*Your objective*
Could you retype the lines below, starting at the line holding "Etui do Motoroli" and stopping at the line holding "Cover of Hollow City : the Graphic Novel", inclusive? Copy them exactly and drop the images.

*Material to process*

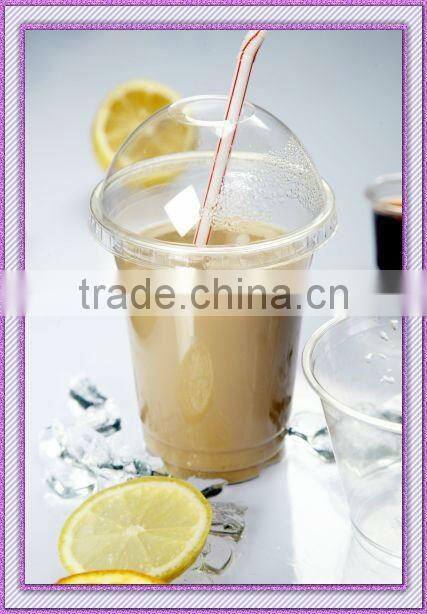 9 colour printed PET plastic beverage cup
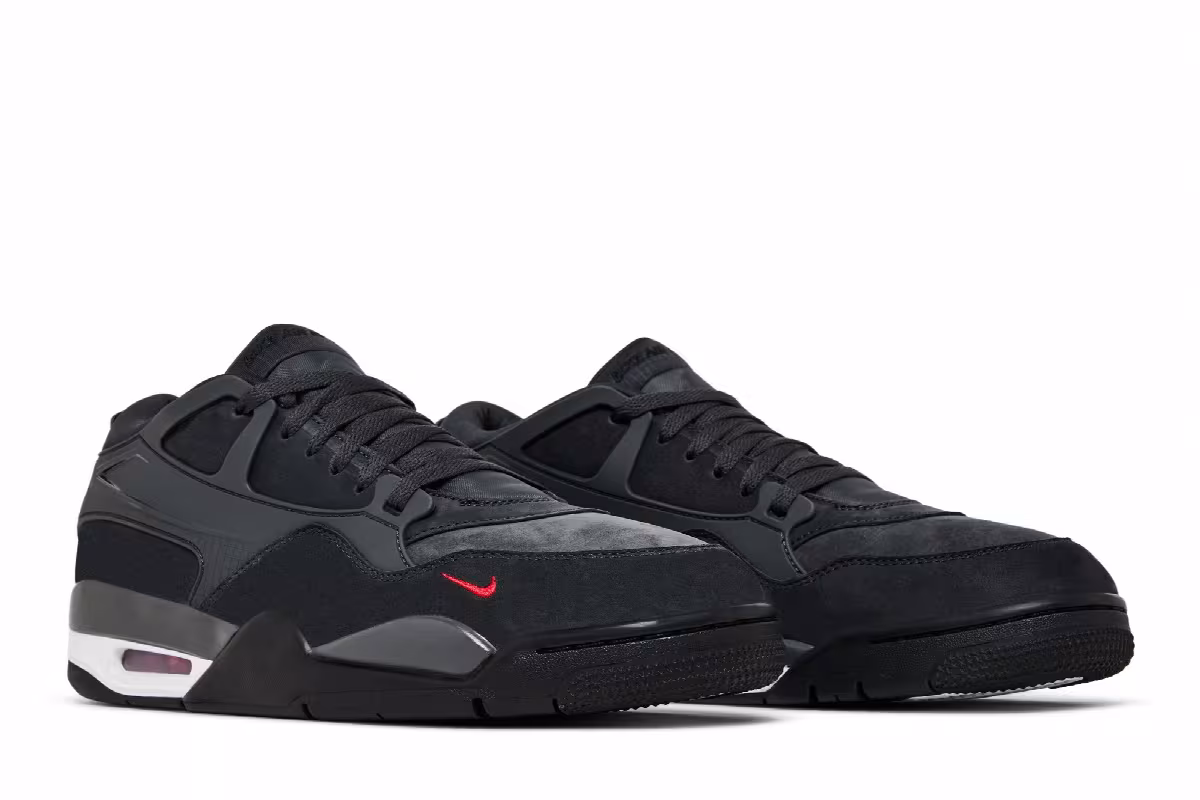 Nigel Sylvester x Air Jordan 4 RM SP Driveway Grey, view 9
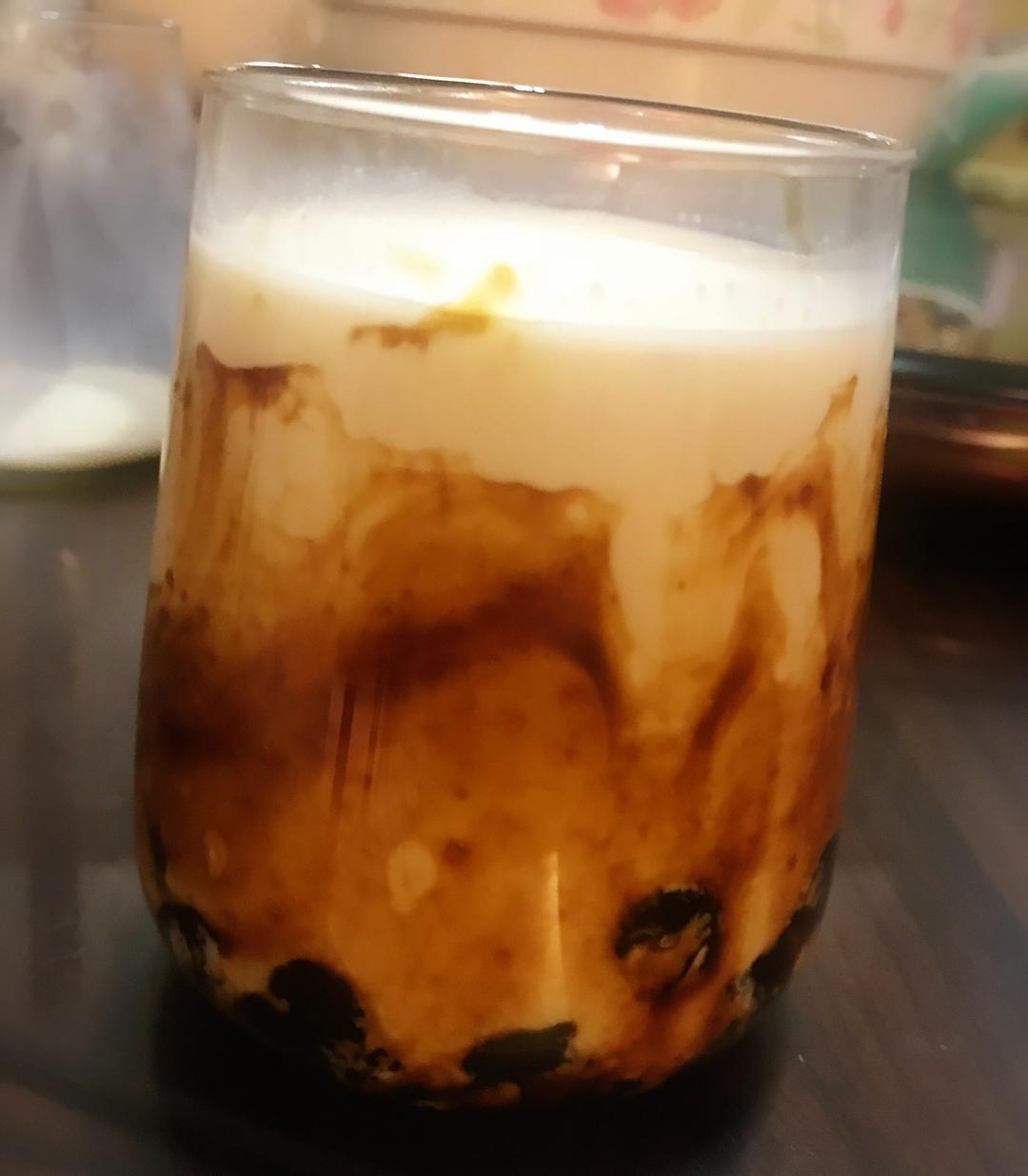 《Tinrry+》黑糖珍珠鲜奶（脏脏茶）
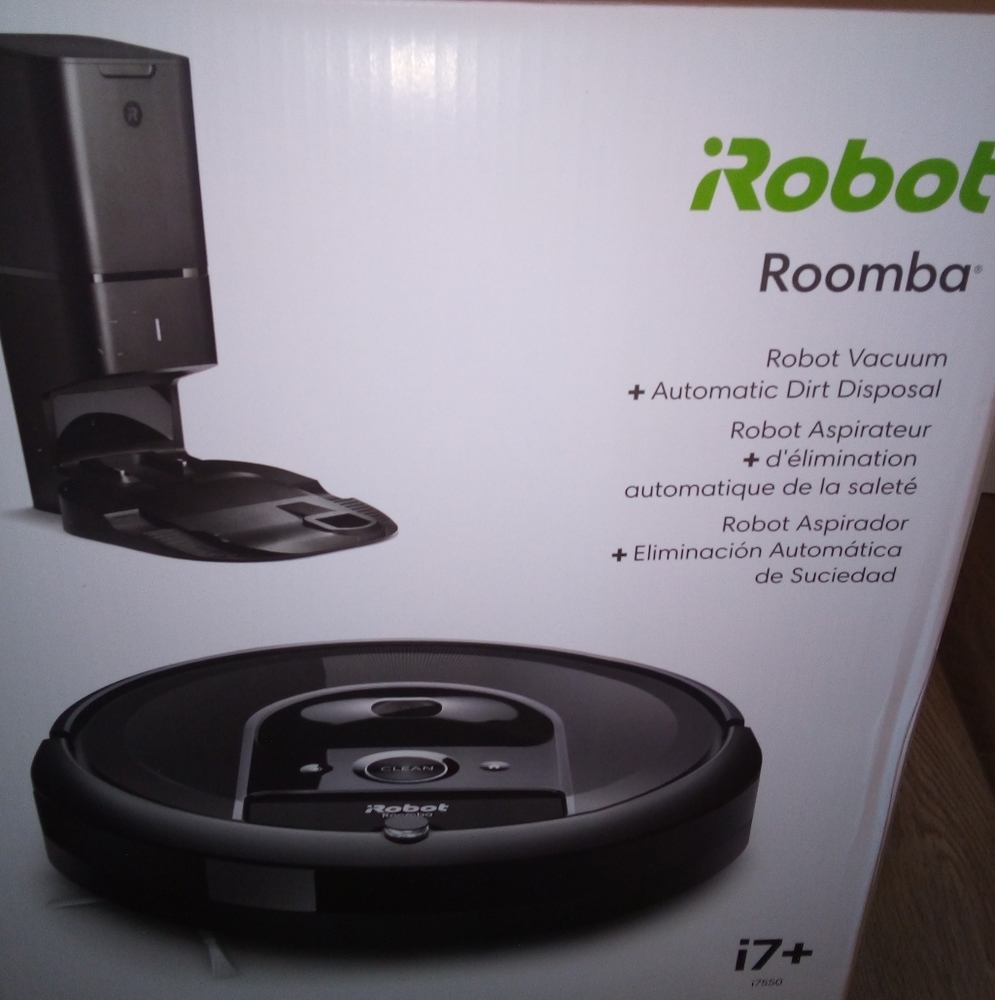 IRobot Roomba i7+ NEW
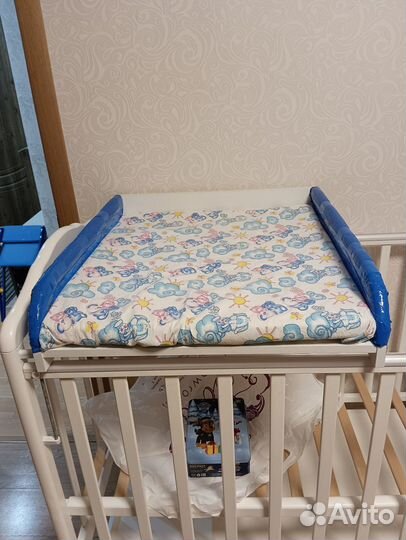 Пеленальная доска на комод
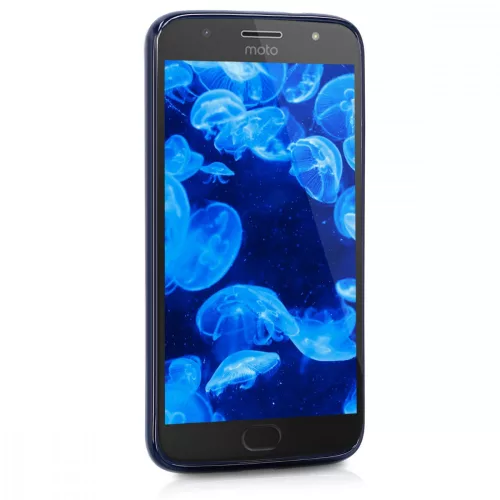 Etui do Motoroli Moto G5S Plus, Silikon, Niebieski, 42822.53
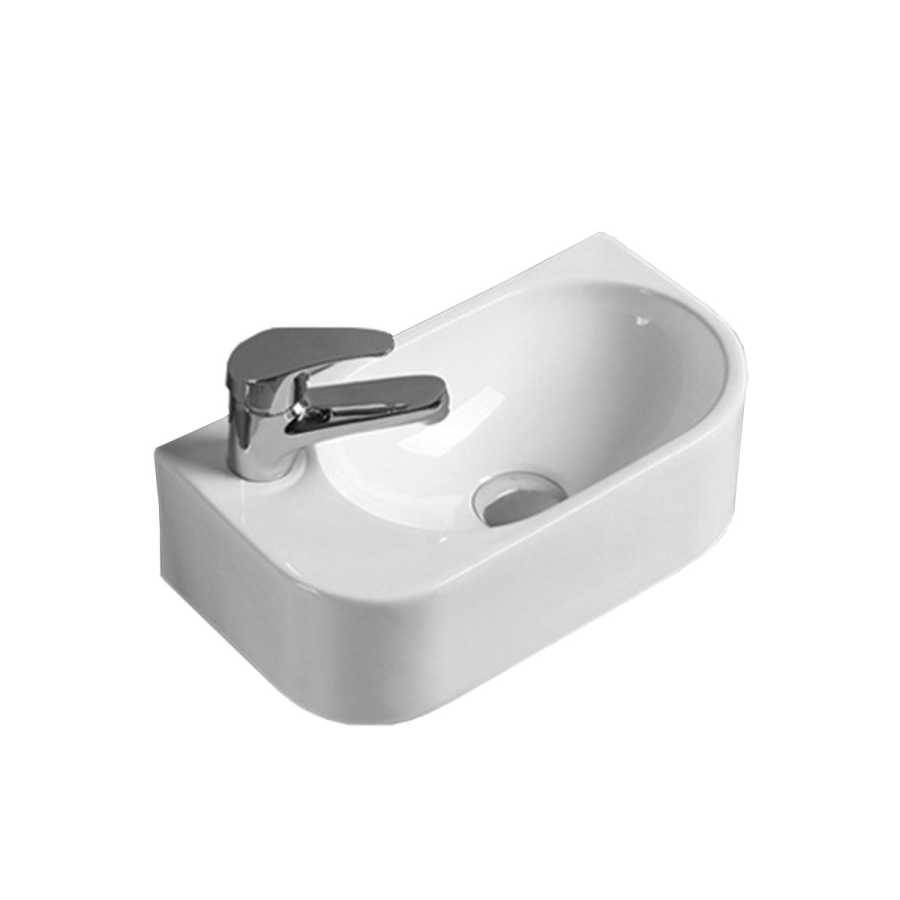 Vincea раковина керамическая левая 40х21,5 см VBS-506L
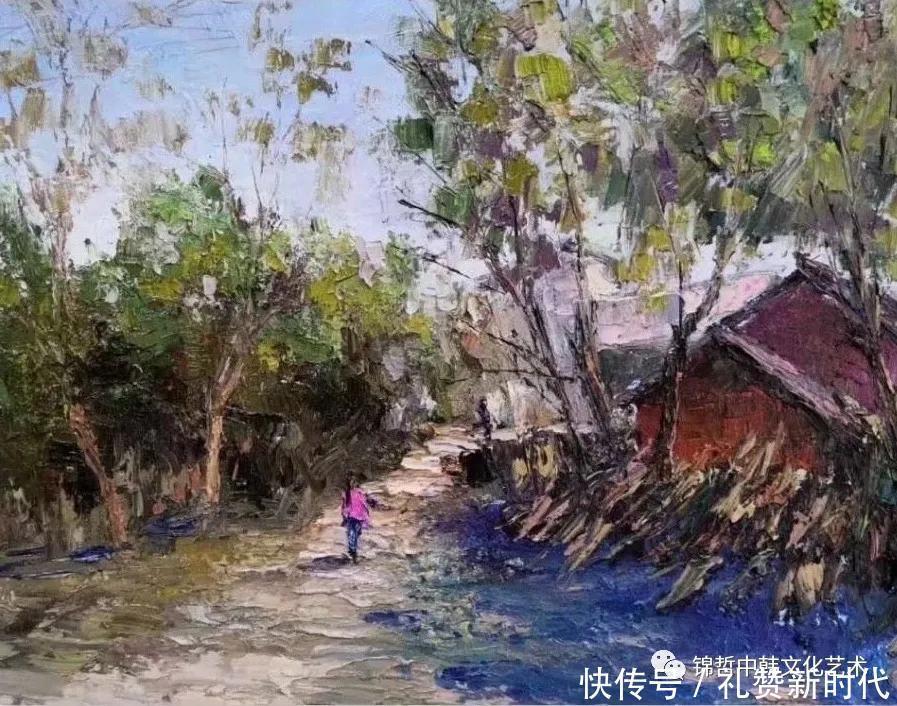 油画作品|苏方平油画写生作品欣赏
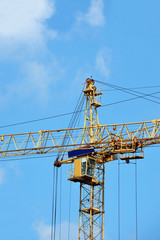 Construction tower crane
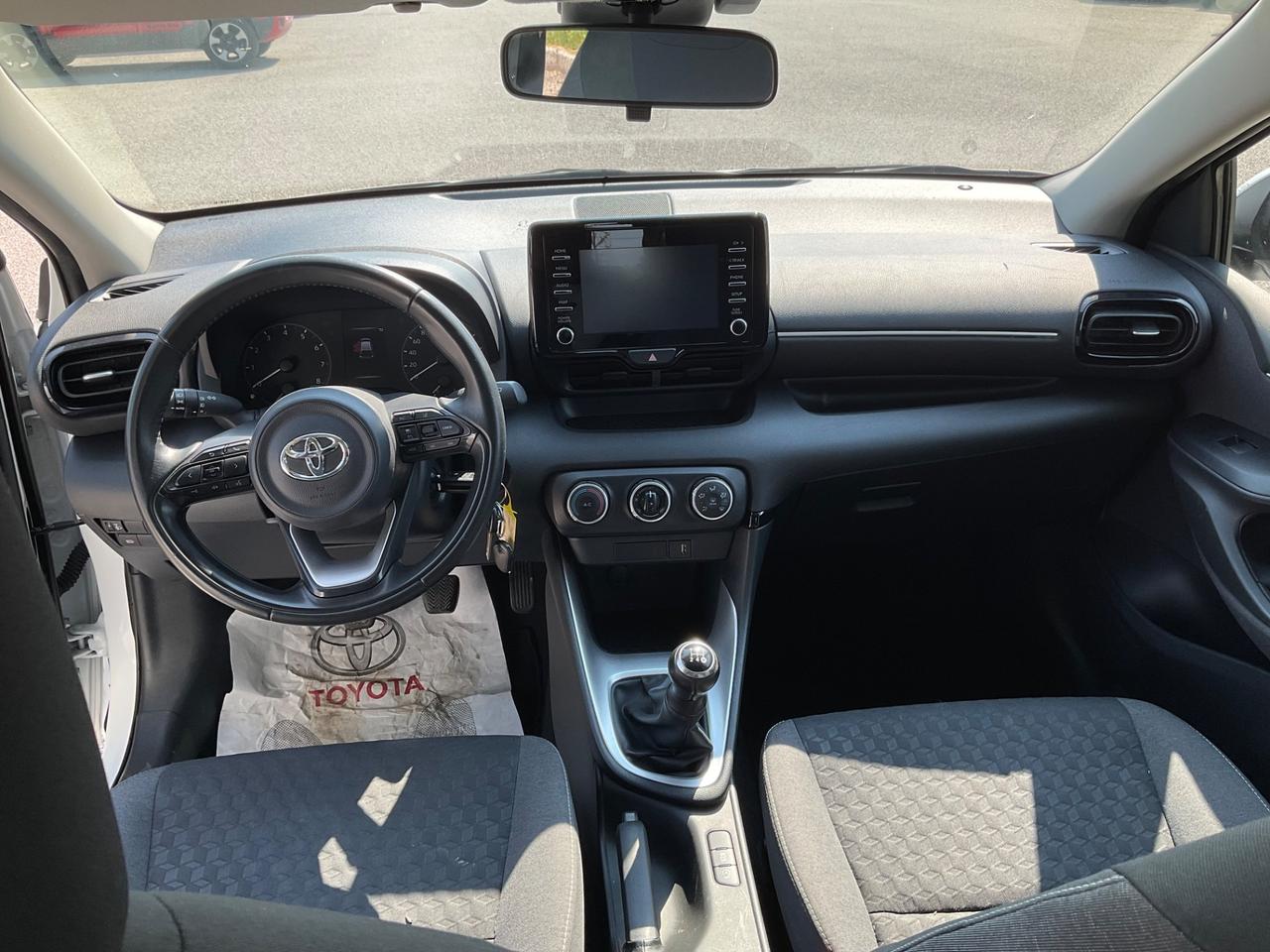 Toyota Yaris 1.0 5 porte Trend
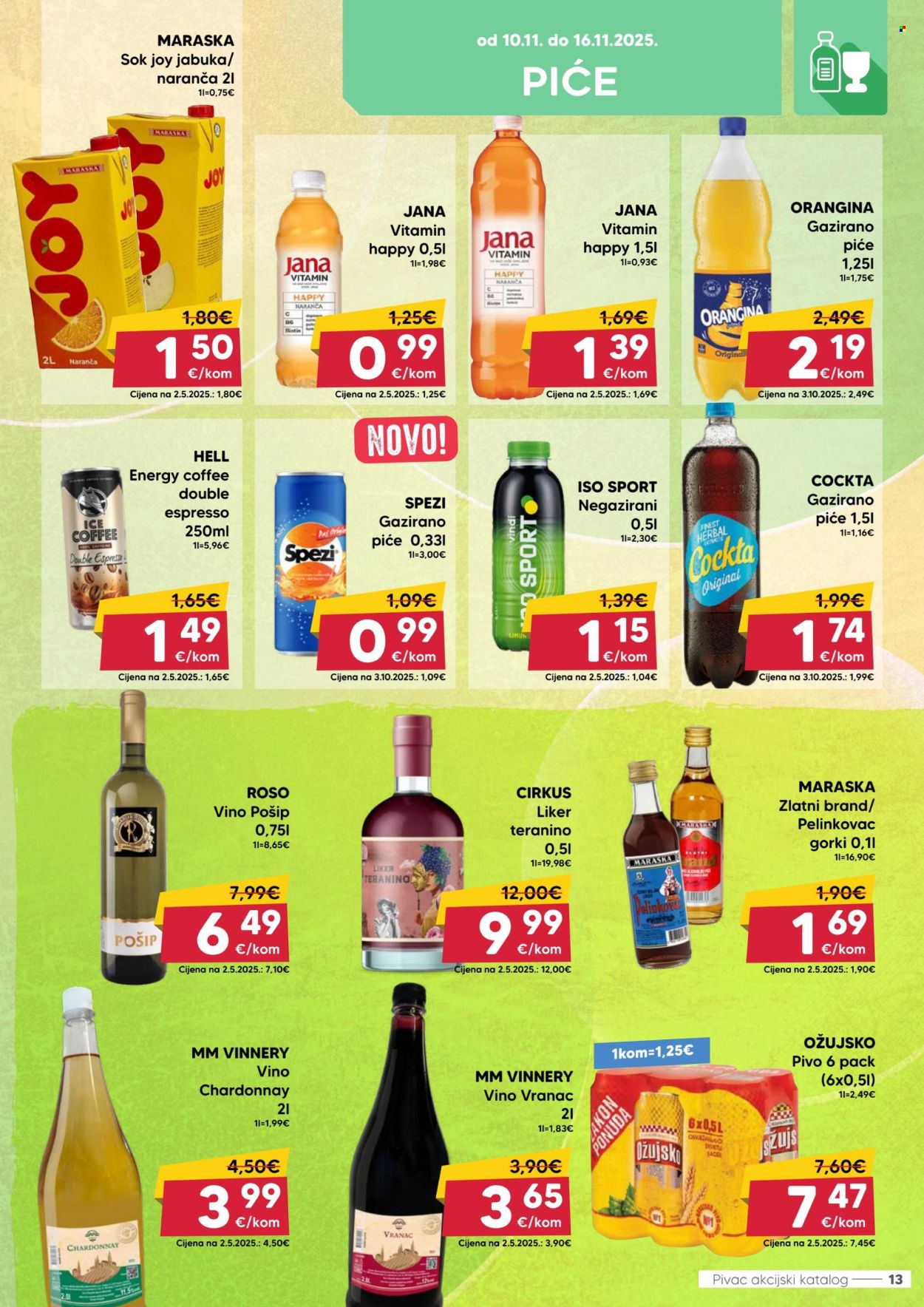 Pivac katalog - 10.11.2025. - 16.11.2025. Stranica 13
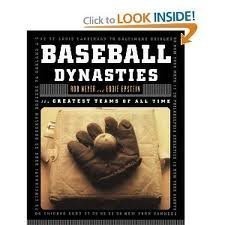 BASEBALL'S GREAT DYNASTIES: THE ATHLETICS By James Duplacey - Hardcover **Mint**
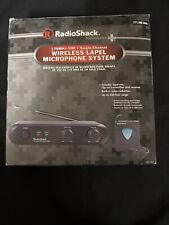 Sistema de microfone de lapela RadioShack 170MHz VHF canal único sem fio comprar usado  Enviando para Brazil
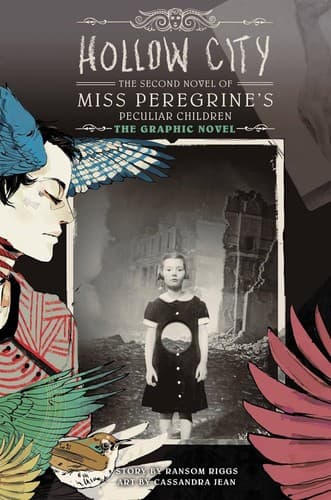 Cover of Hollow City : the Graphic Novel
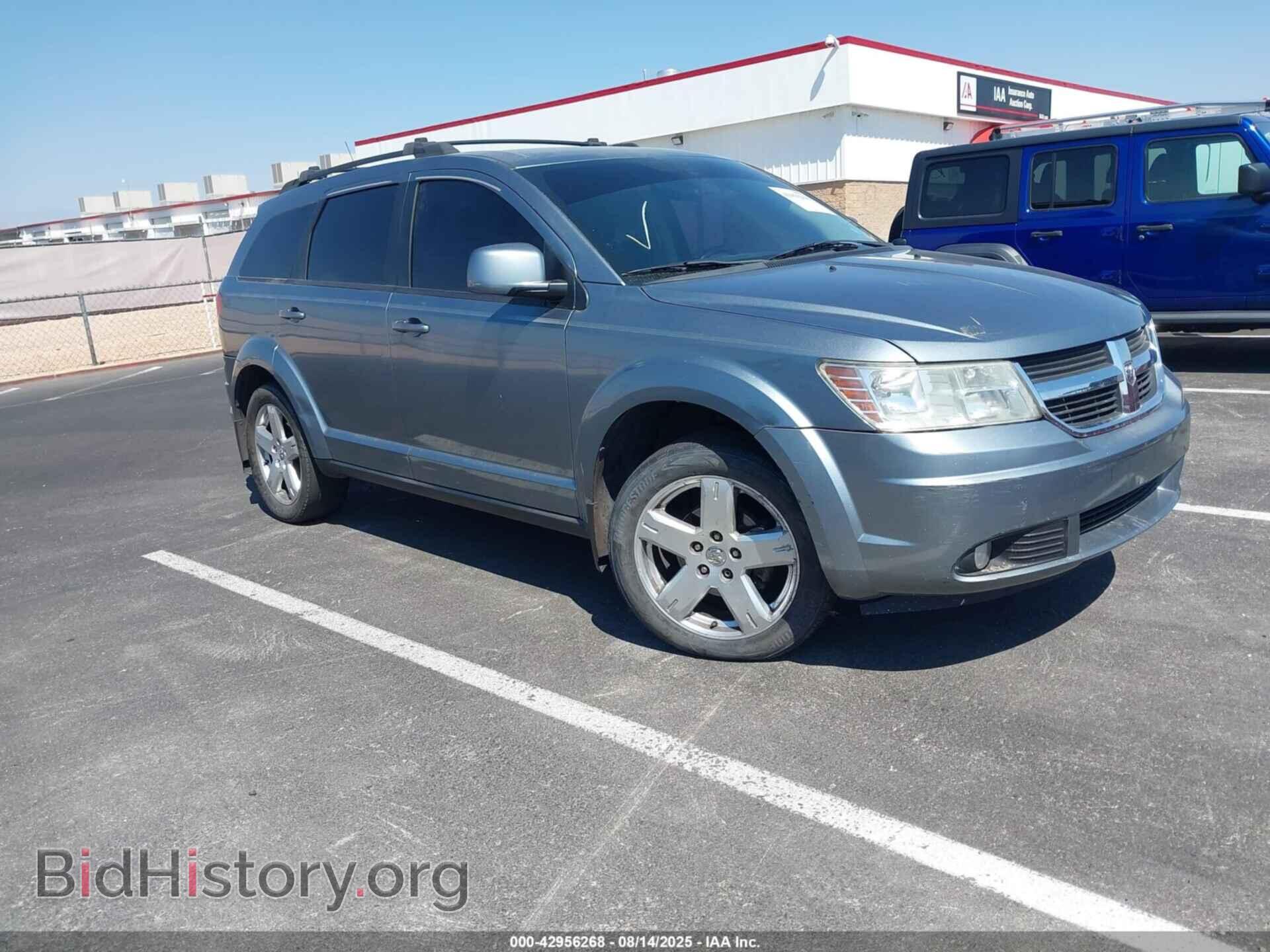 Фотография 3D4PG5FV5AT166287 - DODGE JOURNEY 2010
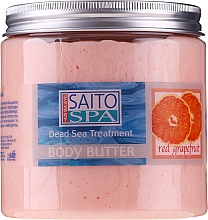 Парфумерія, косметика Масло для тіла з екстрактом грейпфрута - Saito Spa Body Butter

*Solution for this exercise*
 Etui do Motoroli Moto G5S Plus, Silikon, Niebieski, 42822.53
 Vincea раковина керамическая левая 40х21,5 см VBS-506L
 油画作品|苏方平油画写生作品欣赏
 Construction tower crane
 Toyota Yaris 1.0 5 porte Trend
 Pivac katalog - 10.11.2025. - 16.11.2025. Stranica 13
 BASEBALL'S GREAT DYNASTIES: THE ATHLETICS By James Duplacey - Hardcover **Mint**
 Sistema de microfone de lapela RadioShack 170MHz VHF canal único sem fio comprar usado  Enviando para Brazil
 Cover of Hollow City : the Graphic Novel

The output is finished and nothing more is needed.